Kita tahu saat ini banyak investor ritel yang sudah menjadi korban, baik investor saham maupun maupun reksadana. Minggu lalu bahkan ada banyak akun investor ritel yang tiba-tiba di suspend, karena dianggap terlibat dalam kasus Jiwasraya. Di sisi lain para Manajer Investasi Lokal juga sekarang sedang krisis karena takut ikut terjerat dalam kasus Jiwasraya dan Asabri yang konon melibatkan puluhan Manajer Investasi dalam negeri, hal ini menyebabkan para MI juga membatasi transaksinya di bursa.
Gabungan dari berbagai kejadian tersebutlah yang sepertinya dimanfaatkan oleh Investor Asing untuk membanting IHSG ke bawah 6.000 minggu lalu.
Dalam 2 tahun terakhir sebenarnya IHSG cukup kuat dalam menghadapi aksi jual oleh investor asing seperti yang terjadi minggu lalu, sehingga meskipun investor asing melakukan aksi jual besar-besaran namun IHSG biasanya tidak turun sedalam minggu lalu.
Kuatnya IHSG disebabkan karena terjadi pertumbuhan pesat dari jumlah investor saham dan reksadana di Indonesia dalam 2 tahun terakhir yang jumlahnya naik lebih dari 100%, dan hal tersebut membuat ketika investor asing sedang profit taking, ada banyak dana lokal yang menampung.
Sayangnya iklim investasi yang sempat begitu kondusif tersebut sekarang sedang goyah, karena krisis yang sedang dialami para Bandar Saham yang selama ini memegang peran penting dalam mengatur pergerakan saham di bursa kita.
Berkurangnya kekuatan investor lokal tersebutulah yang membuat bursa kita menjadi sangat mudah untuk dibanting turun oleh investor asing.
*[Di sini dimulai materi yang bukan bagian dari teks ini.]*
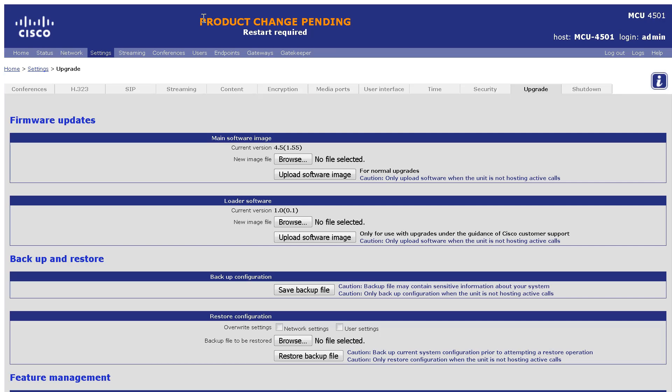Note how the banner changes at the top. Product change pending. Restart required.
Itulah yang terjadi minggu lalu di IHSG, secara tiba-tiba investor asing memutuskan untuk menjatuhkan IHSG dengan melakukan aksi jual besar-besaran, dan investor lokal pun tampak sudah tidak berdaya untuk menahan gempuran investor asing tersebut, karena berbagai krisis yang terjadi di dalam negeri.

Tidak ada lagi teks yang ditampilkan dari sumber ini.